Hatha Yoga Essays
by Charles MacInerney
THE DARK SIDE OF YOGA - The Danger of Injuries
I would like to address the dangers of incorrect practice of yoga. Many serious students of Hatha Yoga see the poses as an end unto themselves. To these students, the goal is to do a perfect back bend, or head stand, or full lotus. I agree with them, on the goal, but not necessarily the definition of 'perfect'. To my mind, the perfect expression of an asana, meets the needs of the student, at the physical, mental, emotional, and spiritual levels. Sometimes a student's emotional needs out weigh the needs of strengthening the core back muscles. Instead of pushing themselves into a strong warrior pose, their needs might be better served by relaxing into a gentle restorative posture.
When students measure perfection in terms of a photograph on a calendar, of someone else contorting their bodies, then I become concerned. Once we latch on to a goal provided by an external model, like touching our foot to the back of our head in pigeon pose, we have taken our first step away from yoga, away from our own internal experience of a pose, and towards this superficial idea of visual perfection. To this end, students will unwittingly sacrifice their bodies.
This tendency is understandable when you consider that we cannot feel what the model is feeling, but can only see the light reflecting off the surface of their skin. Thus we mimic what we see, which is the physical contortion, rather than trying to mimic what they feel as they do yoga.

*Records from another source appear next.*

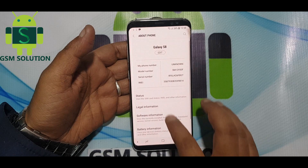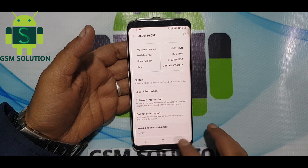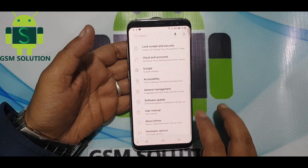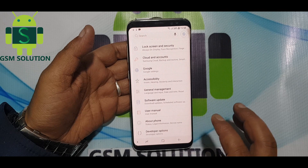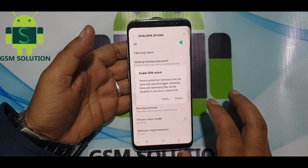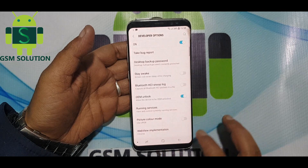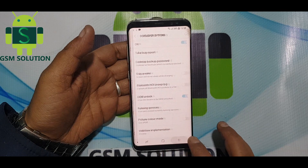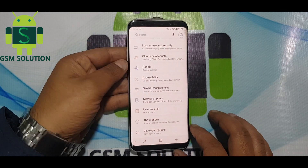Now go to settings and enable developer options as I have done in the video. After that, go to developer options and click on enable OEM unlock.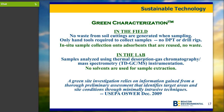Passive soil gas technology meets the requirements of the EPA's call for doing a green site investigation where you rely on information gained from a thorough preliminary assessment — meaning a high resolution data set that identifies target areas and site conditions through a minimally intrusive technique. Passive soil gas certainly meets that requirement. In the field, there's no waste generated from soil cuttings because you're just creating a hole to put the sampler in. When samples come back to the laboratory, they are analyzed by thermal desorption, so no solvents are used and no waste is produced.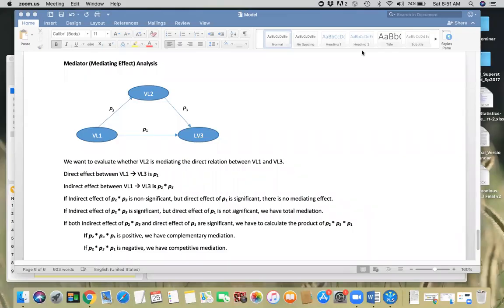Hello, everyone. In this video, I will explain how to perform mediating effect using PLS-SEM. First, we're going to explain what is a mediating effect or mediator as such.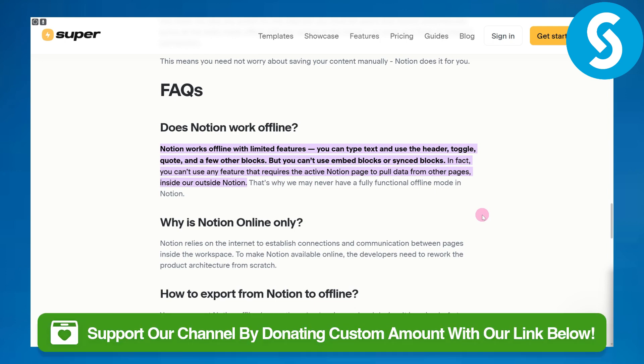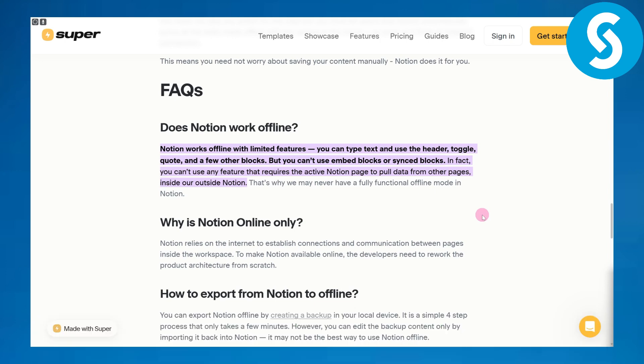Before we answer this question, you can head over to the link in the description of this video to donate to our channel, which will be much appreciated.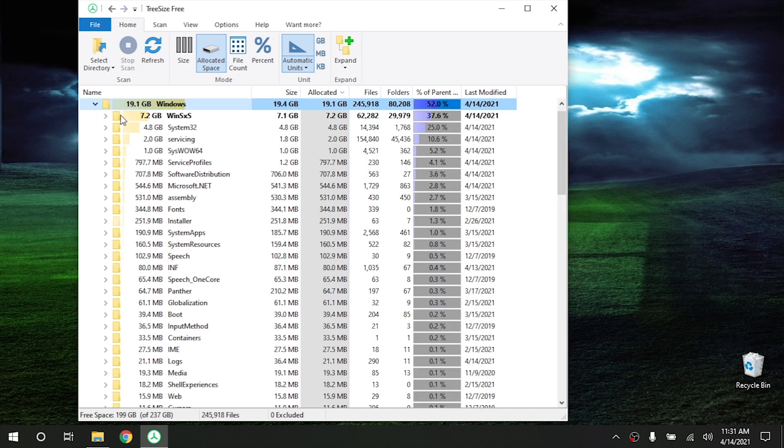And if we open that up, it is WinSXS. And this is essentially where Windows keeps a lot of its system files and stuff like that. So if you have a program or if you have something that's taking up all your hard drive space and you can't figure out what it is, this is a great program to use.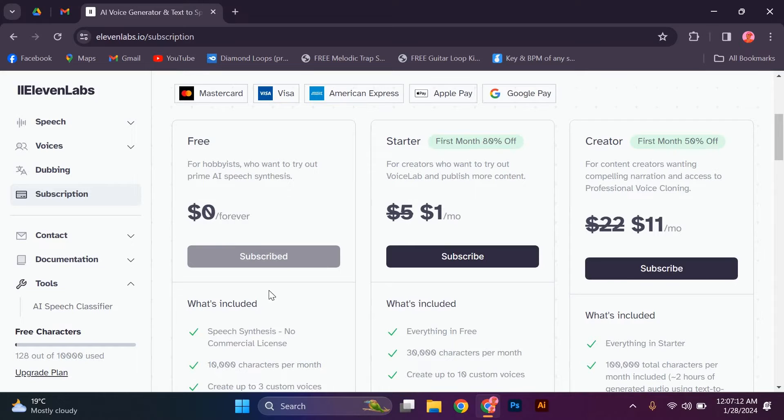Let us choose this starter. First month, 80% off. For creators who want to try out VoiceLab and publish more content, $5 or $1 per month. Click subscribe.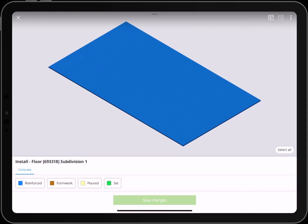To update the status, first select the elements you want to update. Then choose the appropriate status from the options available.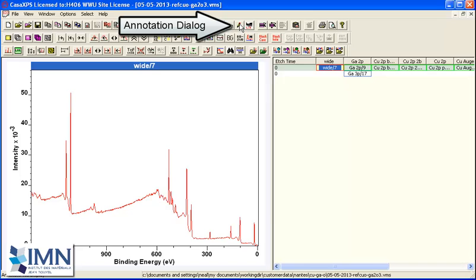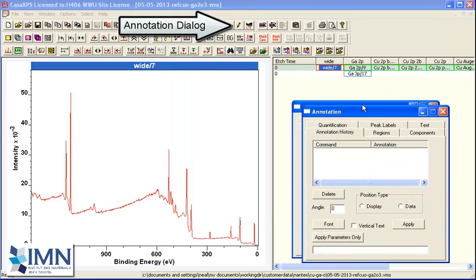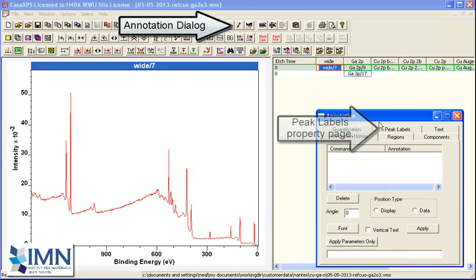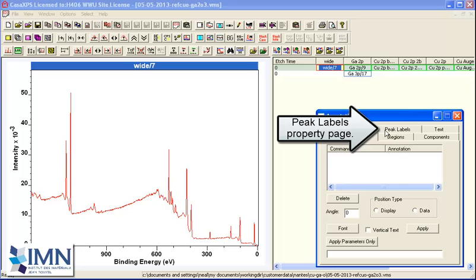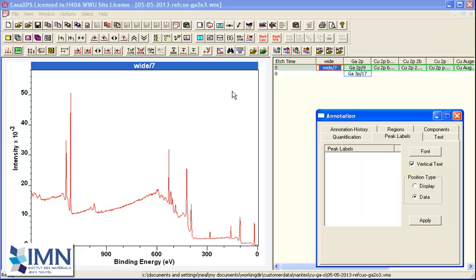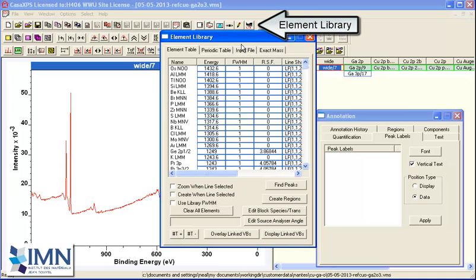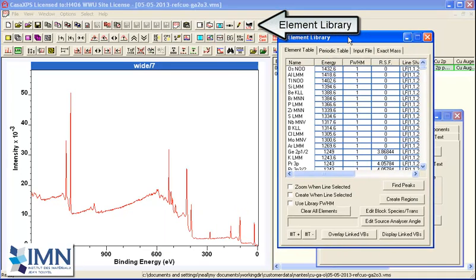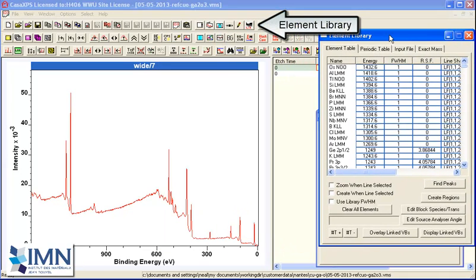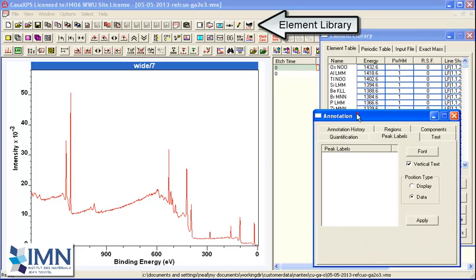Peak labels are added to the display using the annotation dialog window and selecting the peak labels property page. This property page works in conjunction with the element library. If I just place these so you can see the actions.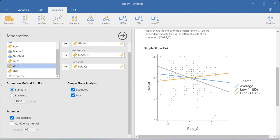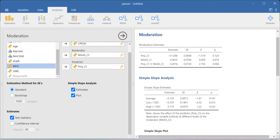My purpose here is not to go deep into moderation analysis theory, because there is a lot of theory behind creating the graph and understanding the simple slope effect. For that, you can refer to the Baron and Kenny 1986 paper, which gives a better explanation of what a moderator is. My purpose is to show how to run this analysis using Jamovi software. You should have the theoretical background to understand how moderation effects are analyzed and how moderation hypotheses are created when writing your theory development section.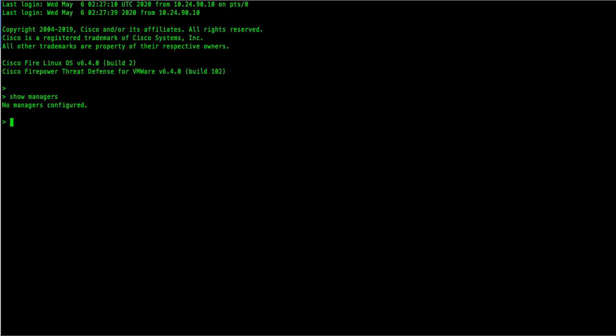Now, enter command configure manager at. Enter the IP address of your FMC, and then a registration key. This could be any alphanumeric between 2 and 36 characters. Make note of this value as this will be required while adding device in FMC.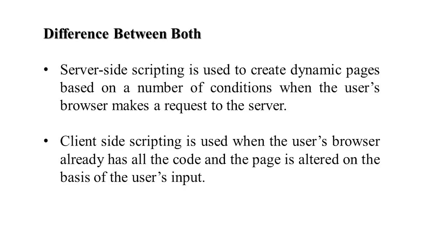We have two types of scripting: client-side and server-side. The difference is server-side is used to create dynamic pages depending upon conditions when user browser makes a request to the server. Client-side scripting is used when the user browser already has the code and the page is altered on the basis of user input.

This fixation with form over feeling is the source of much of the injury in the yoga world. The list of students who have developed recurrent physical ailments through pushing themselves too hard is growing steadily, day by day, especially in the west. Many people lose sight of the true purpose of Hatha Yoga - to prepare the body for meditation by making it healthy, limber, and strong, while calming the mind, and bringing it to one-pointed attention, balancing the nervous system, and improving the function of the digestive, endocrine, nervous, muscular, skeletal, and circulatory systems of the body.
Instead, they try so hard to perfect the outward form of a pose, that they may develop tendonitis, or bone spurs, or injure their backs. Often these ailments are slow to manifest, and the students, addicted to their own style of practice, are even slower to change their faulty habits. They are sometimes driven by a denial of ageing to continue to practice poses that are no longer good for them. Please do not let yourselves fall into this trap. Pushing yourself too hard will create problems that may not manifest for several years, but when they do it often takes months and sometimes years to correct the damage. Prevention is the key.
When asanas are practiced in service to the ego, one of two things happen, both negative. The student achieves their goal, and ego is fed, or they fail to achieve their goal and self worth is damaged, or in some cases, injury results. Instead, asana should be practiced in service to the body, the heart, the mind and the soul, with a sense of humility and patience. In such a practice, success is inherent in the practice.